Can I cut them way back this spring (about 12 inches)? I would really like them to fill in more, but don’t want to kill them.
Thanks for any advice.
You’re right about needing to cut the honeysuckles back farther than you have been doing.
There are a couple of ways to go about this.
The first is to cut the whole plant way back as you’re contemplating. This will have the effect of “recreating” the entire plant.
The down side to it is that there’s a bit of a risk to cutting the plant back that far. Removing that much growth at one time is stressful to the plant.

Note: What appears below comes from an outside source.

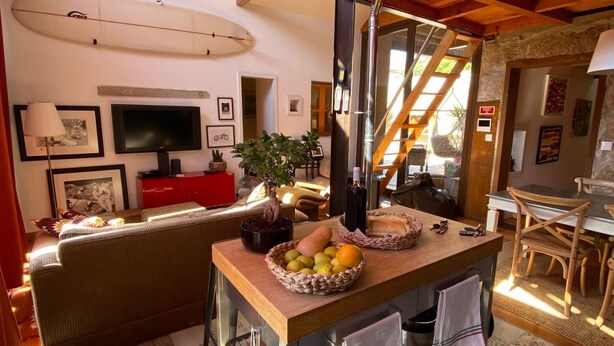 Uma sala de estar aconchegante com uma mesa de jantar de madeira, televisão e escada que leva a um andar superior.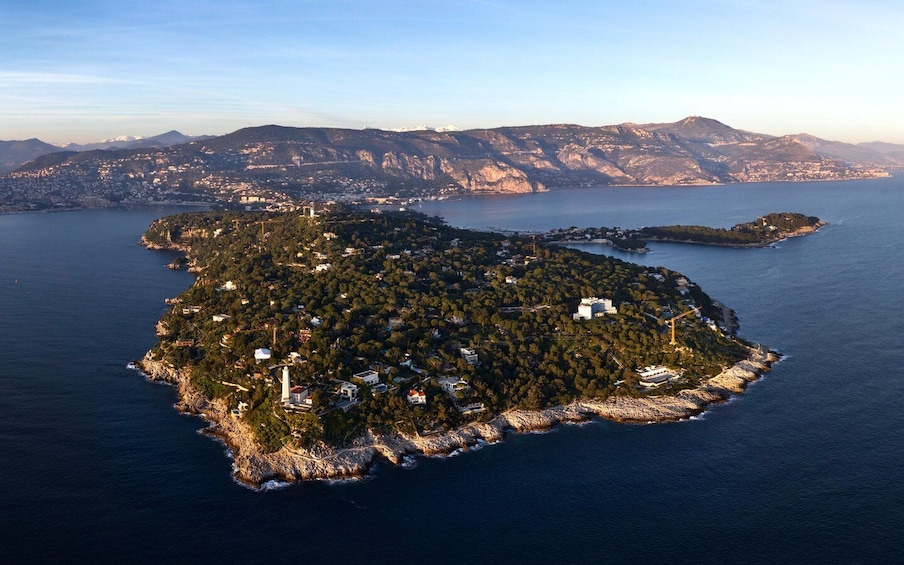 An aerial view of a coastal island with dense vegetation, a lighthouse, and a small settlement. 4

Most of the plant’s reserves of stored water and carbohydrates are in the stems (not in the roots as many people believe) and depriving the plant of those resources can weaken and even kill the plant.
Losing the plant is rare, but it does happen. Most commonly the plant is weakened and just takes longer to get back on its feet.

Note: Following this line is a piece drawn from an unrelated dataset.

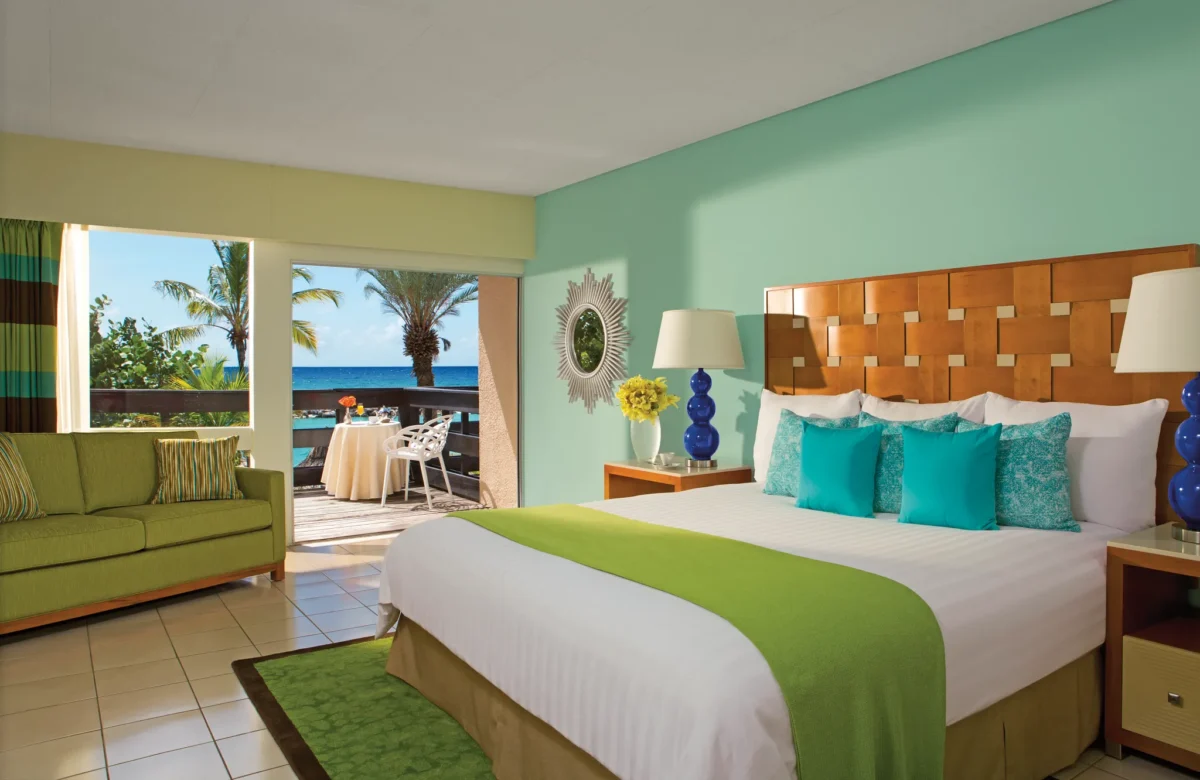 Sun Club Premium Deluxe Ocean Front king bedroom with seating area and ocean-view terrace at Sunscape Curaçao Resort.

The second choice, which I prefer, is to cut the plant back but to steer a more moderate path.
What I mean is cut some stems back hard, but leave others longer.
Honeysuckles will usually have several stems growing up to form the plant. Cut maybe a third of them down to 12 to 24 inches from the ground. These will help fill in the plant lower down.
Choose another third to leave fairly long. Cut them back only by a foot or so or prune them back to the top of the trellis or fence that they’re growing on.
Cut the last third back to about halfway between the first two groups.
Doing it this way will reduce the stress on the plant. It also keeps the plant taller so you’re not starting completely over but still should encourage side shoots to sprout out that will fill the plant in for you.
I always appreciate your expert help, so I’m wondering if you can give me some advice about my dwarf mugo pine. The needles on the top of each branch are brown. The mugo was in a fairly large snowdrift most of the winter, but the top was always clear. I moved some of the snow away from the base late this winter, and noticed then that the tops of the branches were brown. I’m fairly certain it got enough moisture from the snow.
What could have caused this, and what can I now do to correct the problem? Thanks for any help you can give me.
Well, there may be a couple of things going on.
It’s not unusual for the needles of mugo pines to turn a brownish-yellow over the winter, especially on the tips. This is a normal process that the species goes through and the extent of it can vary from one to another. The needles will green up as the plant breaks dormancy.
The second reason is due to desiccation, or water loss from the needle. This isn’t all that uncommon in evergreens, and it can be caused by one or both of two things.
First is that the soil just dries out a bit too much in the winter.
It surprises a lot of people that drought will damage a plant in January just as it can in July. I doubt that is the case with your plant since it was covered with snow most of the winter, unless it was drought-stressed before the snow started accumulating in December.
Actually, a lot of “winter” drought damage occurs in November. We’ve lost our ditch water and have stopped watering, but it is probably the warmest month of this non-watering period (and
it certainly was last year).
Most people aren’t thinking about winter watering that time of year because, well, it’s not winter yet.
The second cause of this is simple loss of moisture out of the needles when the bright winter sun beats on them.
Certainly, these plants are built to withstand this to an extent, but our bright sun, high elevation and low humidity can be more than the plant can deal with.
Either way, I wouldn’t be too concerned with this problem. The tips of the needles turn brown, but the stems and buds are still viable and your mugo pine will push out new growth a bit later on this spring.